FIG. 6 is a schematic top view of a display panel provided by an embodiment of the disclosure.

As shown in FIG. 6, the gate lines g extend in a first direction a1 and are arranged in a second direction a2; and the data lines d extend in the second direction a2 and are arranged in the first direction a1. The first direction a1 may be a direction of a pixel unit row; the second direction a2 may be a direction of a pixel unit column, and the first direction a1 and the second direction a2 are perpendicular to each other.

The gate lines g and the data lines d form an intersecting grid structure. In the embodiment of the disclosure, the light transmission region 112a of the reflective layer 112 is a region exposing an opening where a pixel unit is located, and is provided with no pattern of the reflective layer. The reflective region 112b of the reflective layer 112 is a region where the pattern of the reflective layer is located, the pattern of the reflective region 112b of the reflective layer 112 is set to be of a grid structure, so that orthographic projections of the gate lines g and the data lines d on the base substrate 111 are both located within an orthographic projection of the reflective region 112b on the base substrate 111, which can effectively shield the channel regions of the thin film transistors.
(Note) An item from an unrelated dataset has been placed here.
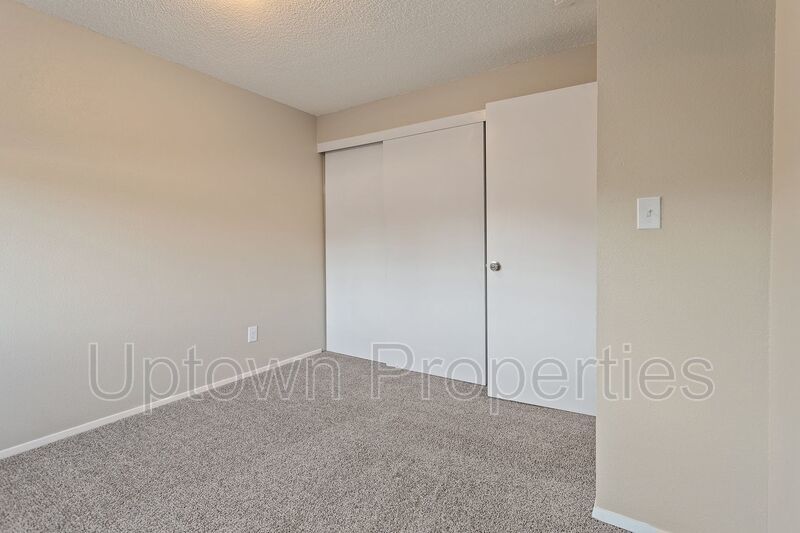 Charming 2BD/1BTH Townhouse with In-Unit Laundry in SE Portland property image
At the same time, since the gate lines g and the data lines d are not transparent originally and the light emitted from the backlight module incident on the positions of the gate lines g and the data lines d is lost, the reflective layer 112 is also disposed in a region corresponding to the patterns of the gate lines g and the data lines d, and the light that may be incident on the region is efficiently reflected back into the backlight module for reuse, which is conducive to improving the light efficiency.
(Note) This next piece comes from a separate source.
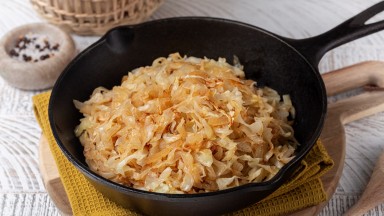 Задушено зеле със запържен лук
As shown in FIG. 2, the array substrate 11 further includes: a reflective polarizing layer 115 on one side of the base substrate 111 away from the reflective layer 112. The reflective polarizing layer 115 is configured to transmit first linearly polarized light and reflect second linearly polarized light, and a polarizing direction of the first linearly polarized light and a polarizing direction of the second linearly polarized light are perpendicular to each other.
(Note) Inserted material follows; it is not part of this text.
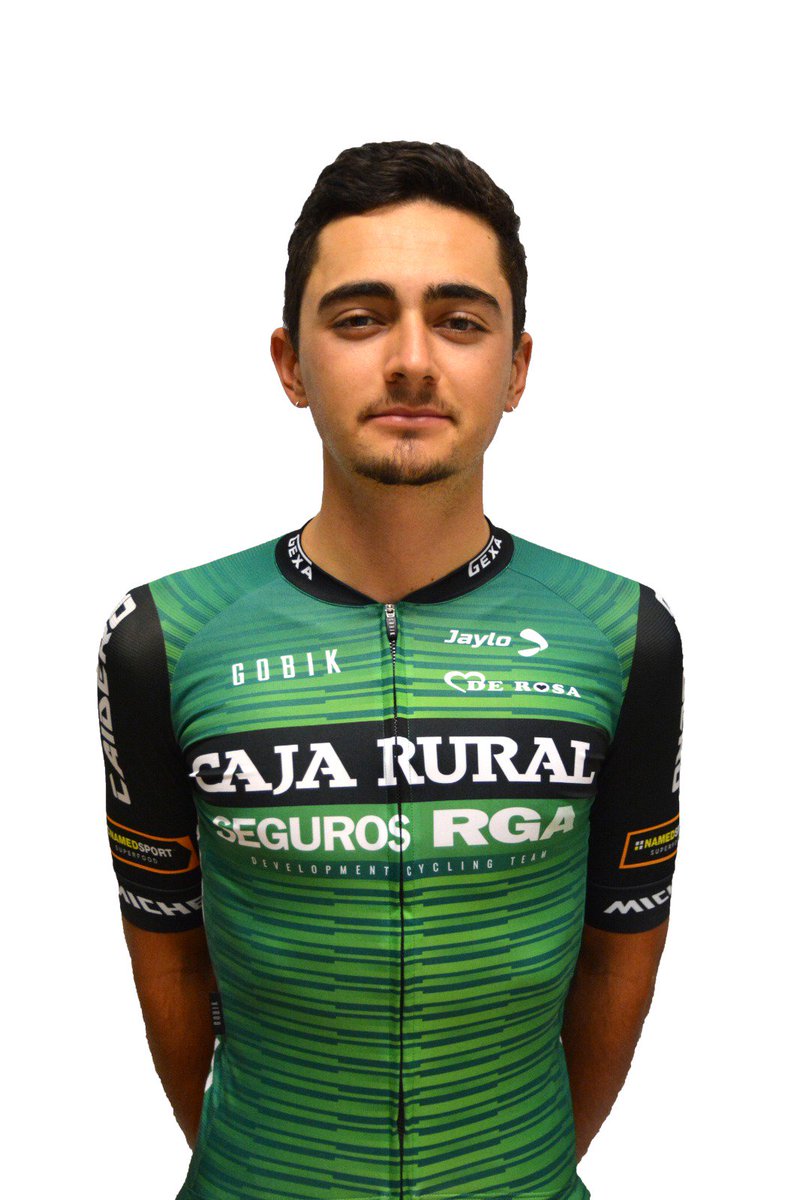 CajaRural_RGA's tweet photo. 🚴‍♂️🇿🇦 El sudafricano Devin Shortt se estrenó el pasado fin de semana con los colores del filial de Caja Rural-Seguros RGA participando en sendas carreras del Torneo Euskaldun. Welcome!!! 👋 https://t.co/OxD5pOZ4nF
Generally, the lower polarizer on one side of the liquid crystal display panel close to the backlight module is an absorption polarizer, that is, the linearly polarized light in a specific polarization direction is transmitted, and the light with a polarization direction perpendicular to it is absorbed. In order to improve the light efficiency, according to the embodiment of the disclosure, the reflective polarizing layer 115 is disposed on the side of the display panel 100 close to the backlight module 200, and the reflective polarizing layer 115 can transmit the first linearly polarized light and reflect the second linearly polarized light perpendicular to the polarization direction of the first linearly polarized light. In this way, the second linearly polarized light reflected back into the backlight module 200 may be decomposed into first linearly polarized light and second linearly polarized light again after being reflected by a reflective film layer, then the first linearly polarized light decomposed again may pass through the reflective polarizing layer 115, and the second linearly polarized light decomposed again is reflected again. After the above circular reflection, the light efficiency can be effectively improved.

Further, when the light transmitted by the reflective polarizing layer 115 is incident on the reflective region of the reflective layer 112, the light may further be reflected back into the backlight module 200 for reuse. Therefore, combined with the synergistic effect of the reflective layer 112 and the reflective polarizing layer 115, the light efficiency can be effectively improved, and a purpose of reducing the backlight power consumption is realized.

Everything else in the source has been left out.